Наместник Кавказа, получив эти сведения, решился снять с Маркозова запрещение относительно действий против Хивы, которую разрешалось даже и взять, и послал это разрешение с экстренным курьером, предупредив в то же время, что если бы отряд вернулся и не достигнув никаких решительных результатов, то это ему отнюдь не поставится в вину, так как главная цель его движения состоит лишь в рекогносцировке. Обстоятельства, однако же, сложились так, что еще до прибытия курьера к отряду Маркозов должен был отказаться от предприятия. Вид отряда, имевшего мало сходства с военною силою (по выражению самого Маркозова в рапорте от 30 октября 1872 г.), измученные верблюды, падавшие десятками на каждом переходе, предприимчивость отрекомендовавшихся уже текинцев — все это поколебало самоуверенность Маркозова, и он стал подумывать об отступлении чуть не с первого шага вперед. Дело стало только за тем, чтобы найти для этого самый приличный предлог и не уронить себя перед начальством, а также пред текинцами и Хивою. Надобно сознаться, что согласить эти два требования было нелегко: предупредить нарекания со стороны русских благовидными доводами и в то же время уверить туркмен и хивинцев, что на Хиву идти и не думал…

Благовидные доводы заключались в следующем: 1) в Игды разделяются дороги — одна в Хиву на Орта Кую, а другая к текинцам; поэтому, продолжая путь на Орта Кую, мы бы ясно показали, что цель наших действий есть Хива, и тогда обязаны бы были во что бы то ни стало дойти до нее, а не то мы бы окончательно уронили себя в глазах всей степи. 2) Верблюды наши, дошедшие до страшного изнурения, хотя и могли еще дотянуть нас до Хивы, «но затруднили бы до чрезвычайности наше обратное движение». 3) Многочисленная хивинская и текинская конница плоха только перед наступающим противником, и значит, при нашем отступлении сделалась бы нахальной, а потому отряду пришлось бы на каждом шагу отражать нападения, а это тем затруднительнее, что 4) «отряд наш, при движении по страшным здешним пескам, вовсе не похож на военную силу» и представляет собою караван в 1400 верблюдов, растягивающийся на 12 и 14 верст, под прикрытием 1200 штыков. Даже текинцы, прислав просить о возвращении их пленных, оправдывались тем, что они приняли наши войска за персидские! 5) При таком положении дел оставалось одно — «идти вперед и занять Хиву, что было и легко, и удобно», но положительное приказание главнокомандующего Кавказскою армиею, — «в Хиву не ходить», исключало такой способ действий.
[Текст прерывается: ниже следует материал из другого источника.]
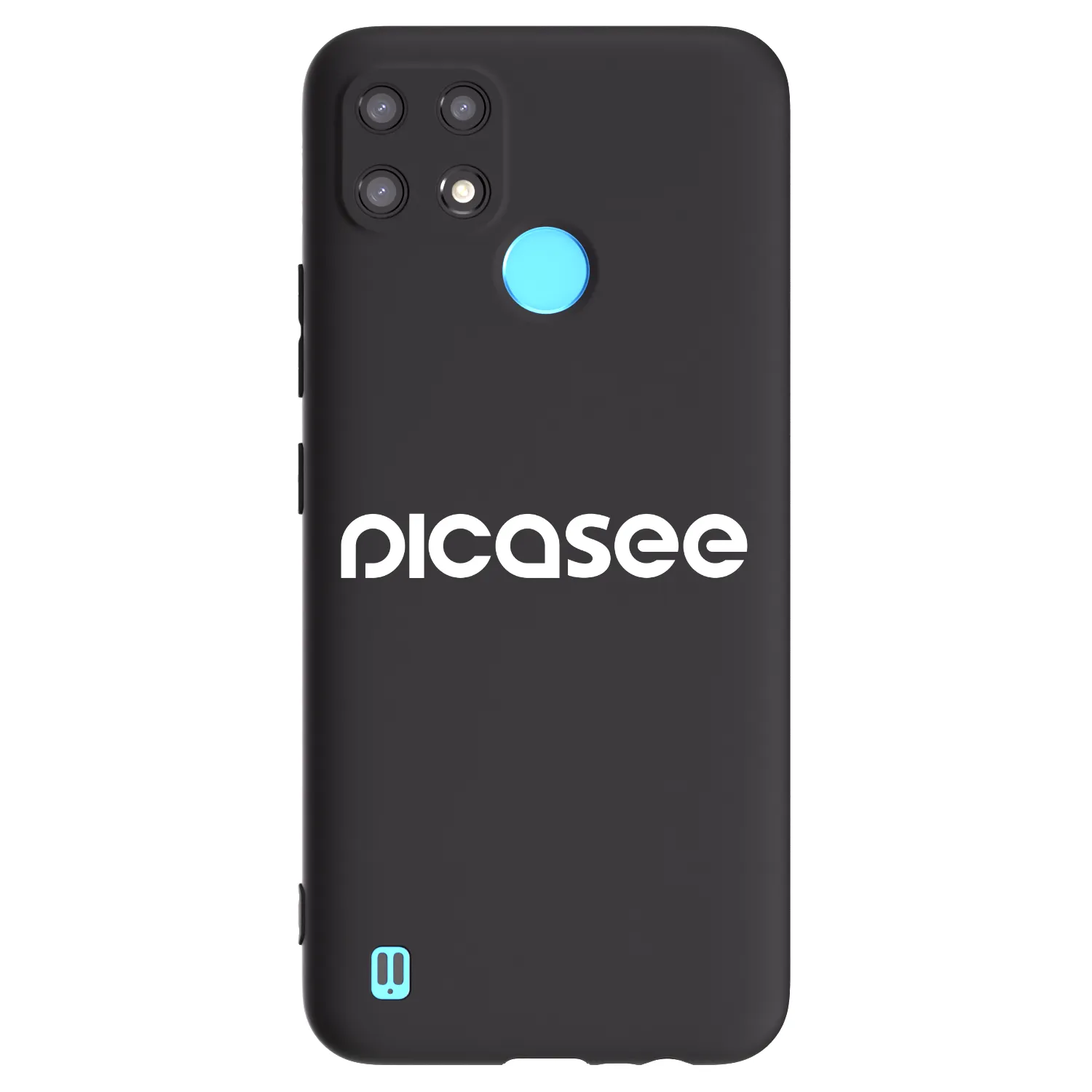 Picasee crna silikonska maskica za Realme C21 - Picasee - new logo - white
Итак, из всех этих доводов видно, что Маркозов за дальнейшее движение вперед и за успех не боялся, боялся только отступления, и потому запрещение ходить в Хиву было весьма кстати. Но если он думал, что верблюды затруднят обратное движение, то кто ему мешал переменить их в Хиве, занять которую ему казалось так легко и удобно? Если бы после разгрома Хивы он все еще боялся бы отступать под ударами неприятельской конницы, то кто мешал ему оставаться в Хиве до прибытия помощи из Казалинска? Если уже где, то конечно в Азии старинный афоризм — «Война кормит войну» — практикуется самым аккуратным образом, и потому прокормить 11 рот не представило бы особых затруднений. Верблюдов он уже привык брать не иначе, как силой; таким же дешевым манером можно брать и хлеб, и ячмень, и все прочее.

Таковы благовидные доводы. Посмотрим теперь, какими средствами Маркозов думал уверить хивинцев, что о них он и не думал.
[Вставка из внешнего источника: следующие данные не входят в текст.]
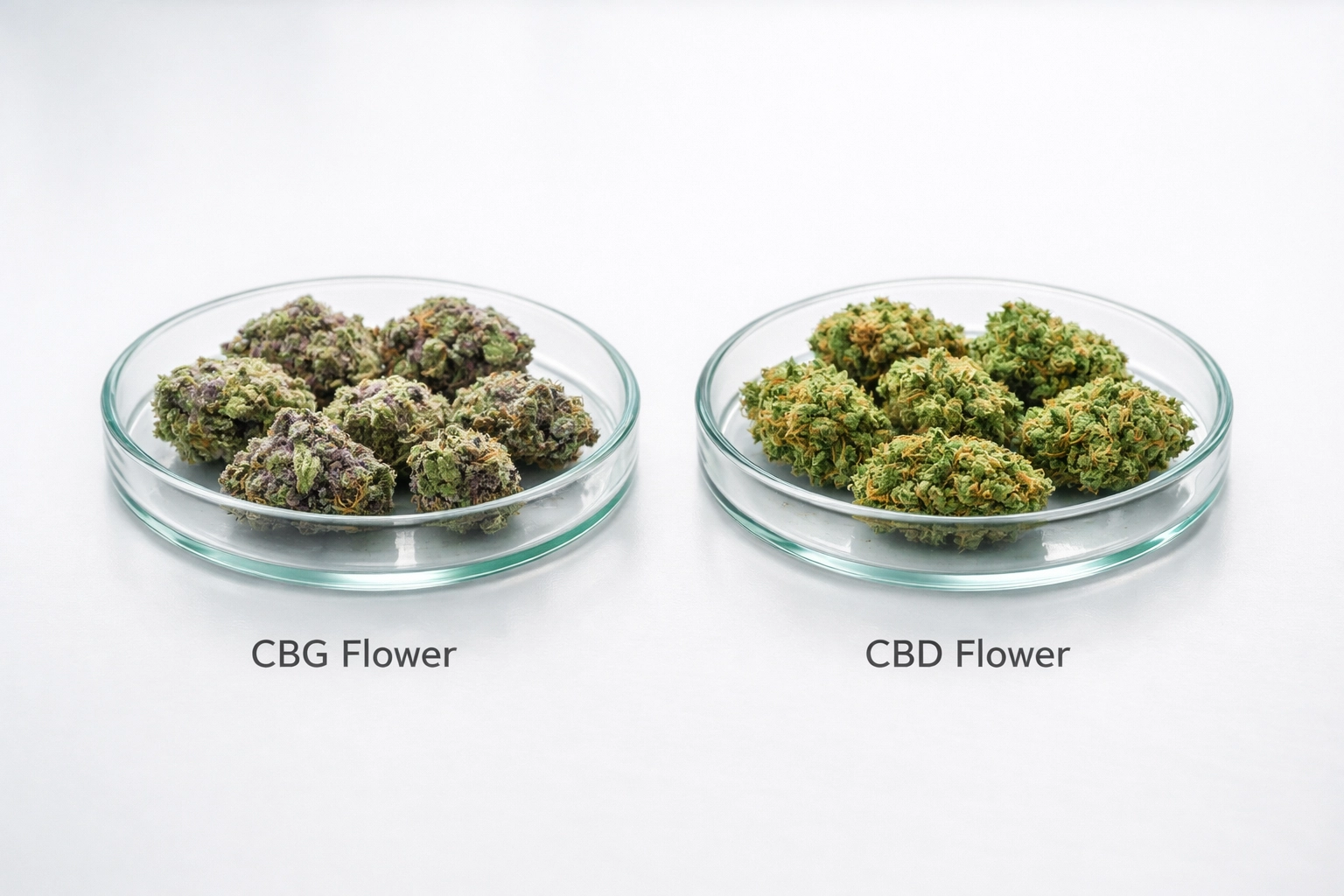 Vergleich von CBG und CBD Blüten in Laborschalen zeigt visuelle Unterschiede der Cannabinoide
По прибытии в Игды в отряд явились текинские посланцы с просьбою возвратить им пленных и с извинениями. Пленные все равно были в тягость отряду, и потому их отпустили с большою охотою, но при этом выговорено было условие, что не позже 3 суток текинцы доставят 300 хороших верблюдов, а если не доставят, то будут наказаны. Расчет был ясный: туркмены, получив своих пленных вперед, конечно, верблюдов не доставят, и наш отряд свернет тогда с хивинской дороги, будто для наказания туркмен за обман… «Верблюдов, как и следовало ожидать, текинцы не доставили», сказано в рапорте; поэтому 19 октября, на рассвете, отряд повернул в Кизил Арват, куда и прибыл 25 го, захватив по дороге несколько сот баранов. Оставив тяжести в Кизил Арвате, отряд, вечером того же числа, налегке, двинулся вдоль по текинской линии.
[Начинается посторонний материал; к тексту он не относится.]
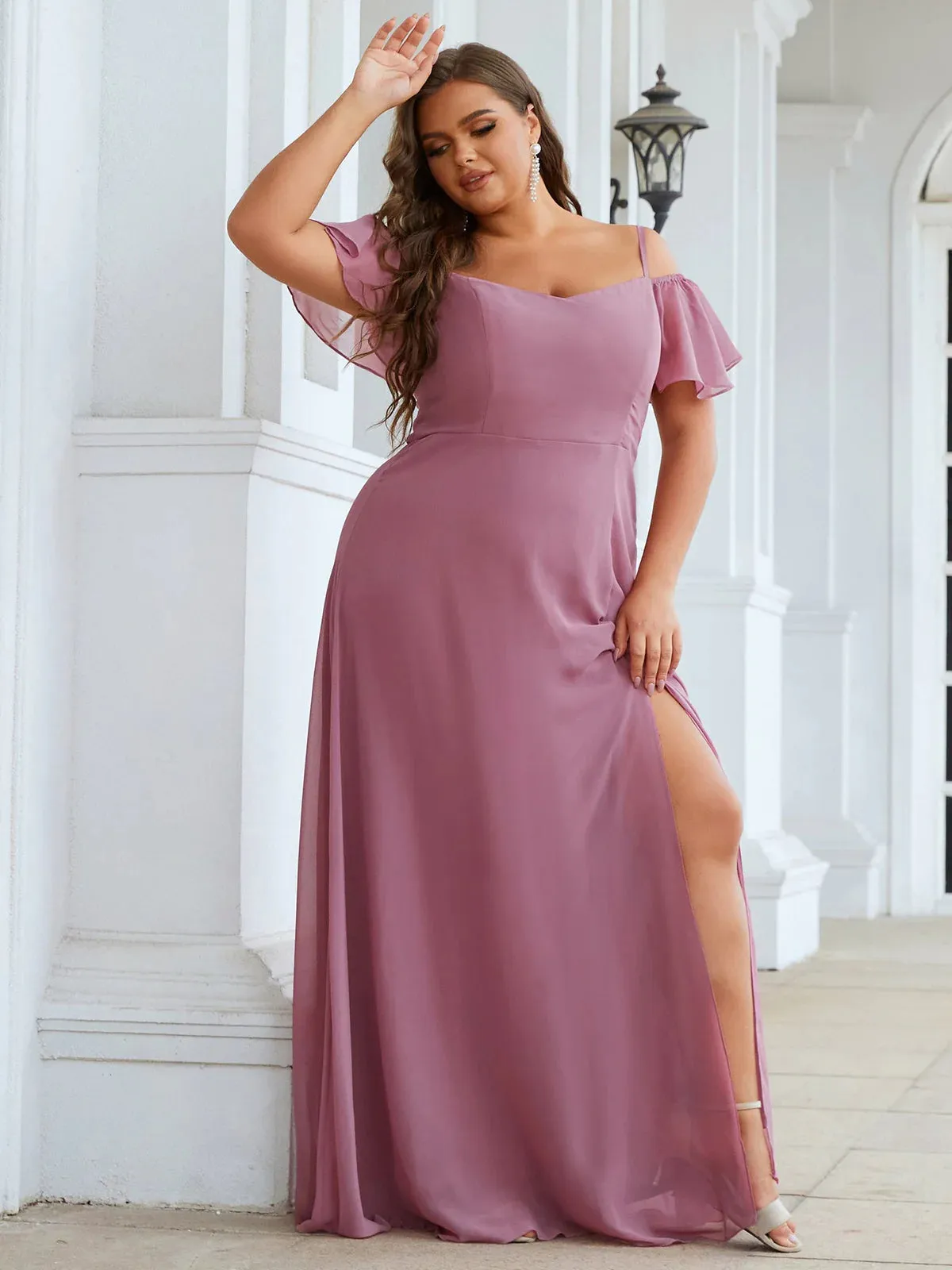 Cold Shoulder Flowy Thigh Slit Plus Size Evening Dress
Укрепления Кодш Зау, Кизил Чешме, Дженги и Бами оказались покинутыми. В Бами, отстоящем от Кизил Арвата на 50 верст, отряд пришел 26 го числа и здесь отдохнул несколько часов, а затем, оставив тут одну роту, двинулся к Беурме на ночь, где застал еще несколько жителей, но не мог окружить за темнотою их аул и потому ограничился 5-6 гранатами, пущенными в ответ на несколько ружейных выстрелов. Утром оказалось, что все жители бежали в горы; посланная за ними погоня воротилась ни с чем, и потому отряд потянулся обратно в Бами, предав огню оставленные кибитки. Всего в Беурме и Бами сожжено 12 000 кибиток и захвачено 80 голов рогатого скота. Если считать каждую кибитку только в 40 р., то на одном этом туркмены потеряли до 500 000 р. Конечно, с их точки зрения Маркозов действовал в высшей степени несправедливо, ибо, во первых, отнял у них силою верблюдов; потом, когда им не удалось отбить свой скот и смельчаки попали в плен, — он отпускает их с условием обмена на верблюдов и затем казнит встречного и поперечного за неисполнение в срок этого условия.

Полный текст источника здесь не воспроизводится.